Much of that language operates indirectly. A physician may not write that they doubt a patient’s pain. Instead, they might say the patient “claims” to have “10 out of 10 pain,” or describe someone as a “poor historian.” It’s a subtle signal—but to clinicians it’s as clear as day.
Beach and Dredze began discussing whether natural language processing could detect these patterns—which meant Dredze had to learn to speak doctor.
Computer scientists and physicians often don’t speak the same language, and bridging the gap required practice. “I’m not a medical doctor,” says Dredze, who compares the process—which gave him the fluency to identify where his tools can meet clinical needs and when to defer to the domain experts— to learning French. “Becoming bilingual in disciplines is the same as becoming bilingual in language—you just have to practice,” he says. “If you want to learn how to speak French, you need to take some French lessons, but also, you just need to talk to people in French a lot, all the time.”
The collaboration, which led to a Johns Hopkins Discovery Award, given annually to interdisciplinary teams across the university that are poised to arrive at important breakthroughs, resulted in models capable of identifying several categories of stigmatizing sentiment in clinical notes.
Their findings were sobering. Notes about Black and Hispanic patients, they discovered, contained more language undermining credibility and less language affirming it, compared to notes about white and Asian patients.
When clinicians discount a patient’s account, diagnoses can be delayed and treatments misdirected. “A lot of patient safety events or medical errors are caused by not taking seriously or listening to what somebody is telling you,” says Beach.
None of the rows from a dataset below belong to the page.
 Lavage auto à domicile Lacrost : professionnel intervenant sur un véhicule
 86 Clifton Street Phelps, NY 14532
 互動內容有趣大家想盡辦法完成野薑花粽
And because medical records are read by multiple providers, the tone of one note can shape the assumptions of the next. “That is infectious in the note,” she says.
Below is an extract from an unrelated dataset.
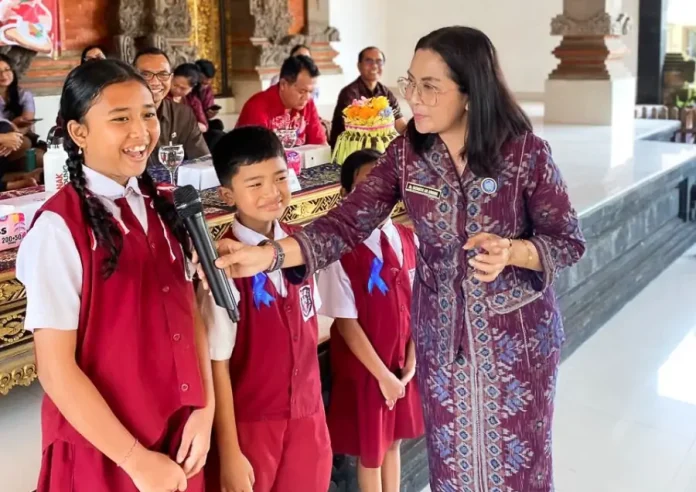Ketua TP PKK Kabupaten Badung, Nyonya Rasniathi Adi Arnawa, melaksanakan GENIUS di Wantilan Desa Adat Sangeh, Selasa (4/11).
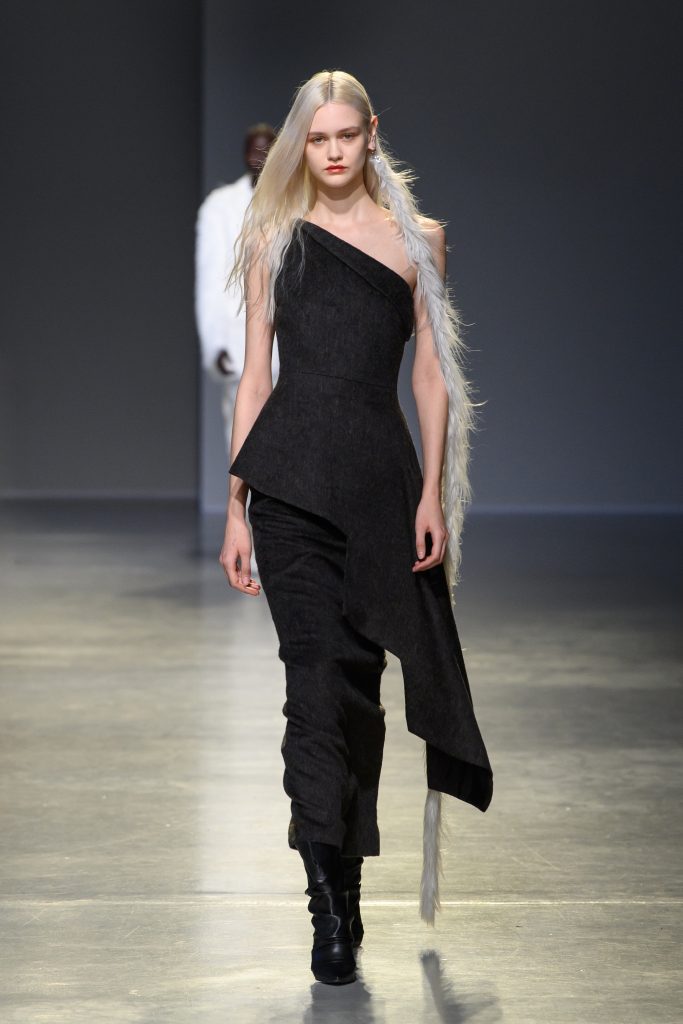 Fusion of K-Fashion and K-Art in Paris at PFW - KOCCA hosts concept Korea FW25 Vanity Teen 虚荣青年 Lifestyle & new faces magazine Fusion of K-Fashion and K-Art in Paris at PFW - KOCCA hosts concept Korea FW25 Fusion of K-Fashion and K-Art in Paris at PFW - KOCCA hosts concept Korea FW25 Vanity Teen 虚荣青年 Lifestyle & new faces magazine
Beach describes the partnership as a model of interdisciplinary investigation. “It was a perfect example of why interdisciplinary collaboration works,” she says. “We can bring our perspective, he can bring his perspective, and together we can create something that neither one of us could have done without the other.”
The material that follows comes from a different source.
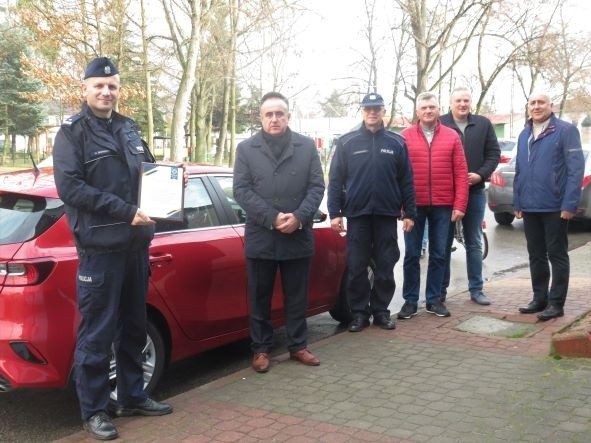 Funkcjonariusze pracujący w Posterunku Policji w Błędowie mogą korzystać już z nowego radiowozu.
Over the years, Dredze’s refusal to stay in his lane has led him to examine gun violence prevention, suicide risk assessment, geriatric syndromes in older adults, and drug use monitoring in online forums. He helped build Tobacco Watcher, a platform that has delivered actional intelligence to tobacco control researchers for more than a decade. He has published more than 350 papers across public health, medicine, computer science, and linguistics.
But Dredze’s ultimate goal, amid all this prolific output, might seem surprising: to make himself unnecessary. He wants to design AI tools to replace himself.
“Putting myself out of business would be lovely,” he says, “because the number of people who want to do these types of studies far exceeds the time I will ever have. If I can eliminate myself from that pipeline, that would remove a huge bottleneck in medical research.”
But Dredze won’t be putting himself out of a job any time soon. As the new director of the Data Science and AI institute, his impact across the university is now greater than ever—an appointment he was, as he puts it, “surprised and incredibly honored” to receive.
As to what comes next, that’s now much larger than any one project. As AI transforms the way science is conducted in every domain, Dredze’s task is to guide that revolution thoughtfully while bringing as many scholars to the table as possible—while ensuring it remains anchored in real-world problems.
“Building those bridges and making those connections,” he says, “is going to be the most impactful thing we can do.”